The seventh time I didn’t die was a year or two after we moved to Santa Rosa. Jadyne and I were sound asleep when two stoned card dealers, coming home from the Pastime Bar tried to light a joint in their car as they rounded a curve by out house. They hit a mound of dirt in front of my neighbor Duffy’s house, were thrown out of the car, which continued, its accelerator stuck, into our house, stopping while the rear wheels spun into the lawn by the front door, the racing engine belching smoke. I ran to the car. “Turn the engine off!” I screamed. Nothing. I opened the driver’s door. No driver. I fumbled in the darkness for the keys. No luck. I thought that the car was going to explode. I went back inside, grabbed a flashlight, ran back to the car, all the time expecting an explosion. I turned the engine off, turned and looked across the yard, finding one body on the lawn and another on Brush Creek Road.

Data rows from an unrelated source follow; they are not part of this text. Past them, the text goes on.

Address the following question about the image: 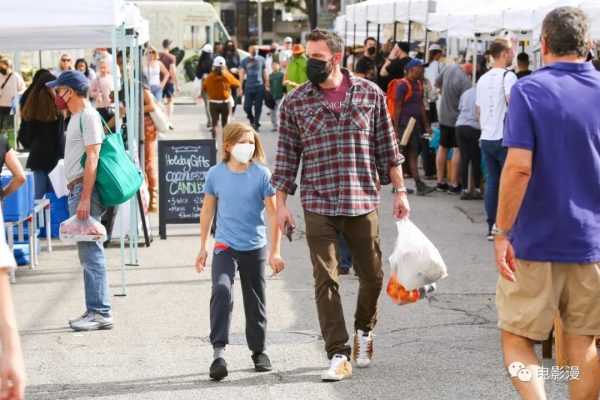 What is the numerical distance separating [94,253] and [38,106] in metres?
4.19

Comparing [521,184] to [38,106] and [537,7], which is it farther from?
[537,7]

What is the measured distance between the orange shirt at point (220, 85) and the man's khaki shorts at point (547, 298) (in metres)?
17.7

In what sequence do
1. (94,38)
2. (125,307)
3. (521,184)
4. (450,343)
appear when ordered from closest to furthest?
(521,184)
(450,343)
(125,307)
(94,38)

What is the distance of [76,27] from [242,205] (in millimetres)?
2523

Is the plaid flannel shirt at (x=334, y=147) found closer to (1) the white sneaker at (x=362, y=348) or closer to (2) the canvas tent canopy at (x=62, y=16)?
(1) the white sneaker at (x=362, y=348)

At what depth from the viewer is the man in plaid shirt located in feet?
23.4

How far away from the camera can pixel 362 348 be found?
750 cm

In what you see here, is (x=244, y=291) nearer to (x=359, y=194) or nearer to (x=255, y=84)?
(x=359, y=194)

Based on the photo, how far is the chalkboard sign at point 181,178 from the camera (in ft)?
43.4

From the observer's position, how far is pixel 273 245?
7.36m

When the ambulance arrived for the two card dealers the firemen wanted to take me to the hospital. Jay knew that I was in a state of shock, otherwise okay. That was the beginning of my sleep issues. Not fatal, not this time. And the card dealers? Survived.

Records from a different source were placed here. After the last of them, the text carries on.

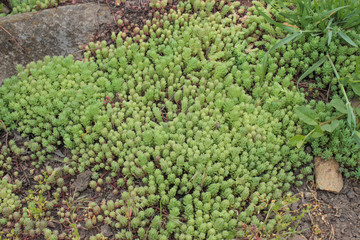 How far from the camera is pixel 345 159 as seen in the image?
384 centimetres

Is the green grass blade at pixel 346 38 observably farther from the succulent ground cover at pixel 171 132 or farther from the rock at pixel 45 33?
the rock at pixel 45 33

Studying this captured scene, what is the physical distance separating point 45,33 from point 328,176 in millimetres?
4186

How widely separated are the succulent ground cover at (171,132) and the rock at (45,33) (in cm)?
22

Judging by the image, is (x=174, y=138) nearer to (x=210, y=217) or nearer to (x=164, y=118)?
(x=164, y=118)

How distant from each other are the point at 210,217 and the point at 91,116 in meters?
1.87

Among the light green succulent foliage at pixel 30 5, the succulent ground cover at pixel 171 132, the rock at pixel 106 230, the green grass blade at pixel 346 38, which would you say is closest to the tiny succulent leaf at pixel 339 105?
the succulent ground cover at pixel 171 132

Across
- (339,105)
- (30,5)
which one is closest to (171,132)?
(339,105)

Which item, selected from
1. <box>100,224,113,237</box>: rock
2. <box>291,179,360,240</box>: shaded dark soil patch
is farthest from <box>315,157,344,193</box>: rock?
<box>100,224,113,237</box>: rock

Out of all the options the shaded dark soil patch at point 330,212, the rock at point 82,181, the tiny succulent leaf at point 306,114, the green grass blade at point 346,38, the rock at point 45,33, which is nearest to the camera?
the shaded dark soil patch at point 330,212

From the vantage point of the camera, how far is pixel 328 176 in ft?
12.6

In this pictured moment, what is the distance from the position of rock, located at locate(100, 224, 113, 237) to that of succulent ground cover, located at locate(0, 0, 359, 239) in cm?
1

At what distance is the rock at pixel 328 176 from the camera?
12.5 feet

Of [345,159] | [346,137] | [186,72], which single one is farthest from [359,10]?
[186,72]

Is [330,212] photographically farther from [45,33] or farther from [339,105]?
[45,33]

The eighth time I didn’t die took place on the Rogue River, (John remembers that it was the Upper Klamath) this time with my whole family. The thrilling rafting adventure we were promised in Ashland understated what we were to go through. The size of the rapids along the river is determined by the outflow from a reservoir above. Too much water and the rapids are smaller. Too little, and they go from threes to fours, or in the case of the first rapid, four to five. We were in the last boat among four or five as we stared down the first rapid.

The raft hit a rock, and I can see Jason flying out backwards into the river. Moments later the boat flipped, and we were all thrown into the water at the top of a lengthy, raging Class Four (perhaps five?) rapid. Although wearing a helmet and a life jacket I suffered a concussion. As I struggled against the current I remember thinking that someone in my family was likely going to die. Jason and Jennifer managed okay. . Jadyne was bobbing up and down, searching for John, who was young, a poor swimmer. John’s face was bloodied. He was hysterical, but okay. And me? I was drowning, and I knew it. A strange sense of acceptance swept over me. Moments later someone from the first boats plucked us out. I didn’t die then only because it takes a little more time to drown, and I wasn’t in long enough to finish the job. I had a concussion and severe headaches for several months.

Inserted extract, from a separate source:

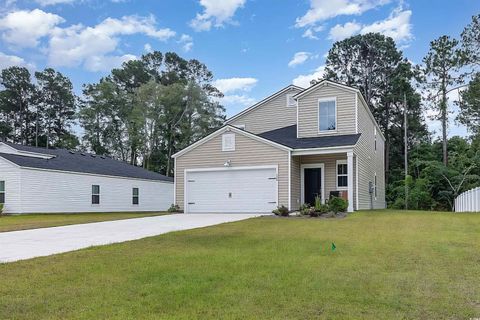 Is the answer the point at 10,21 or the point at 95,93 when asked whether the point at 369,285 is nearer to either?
the point at 10,21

The ninth, and possibly the most recent time I didn’t die, took place on Grizzly Peak Road in Berkeley. I was riding my bike just south of Euclid when a lady turned into her driveway right in front of me. My bike hit her right front tire, I flew over the handlebars, my head smashing into her windshield. I bounced off the hood and onto the street. I moved my fingers, toes, took inventory, realized that I wasn’t badly hurt. “I didn’t see you,” she said. Duh.

A little plastic surgery, that’s all. When cyclists and cars meet in motion the cyclist usually loses. But I didn’t die.

There were probably other times I didn’t die in these last seventy-seven and a half years, when head-on collisions took place moments after I drove by, when lightning struck trees, not me, when through chance, luck, fate, genetics, or some other unforeseeable reason I’ve managed to stay alive. I have countless reasons to be grateful. Countless.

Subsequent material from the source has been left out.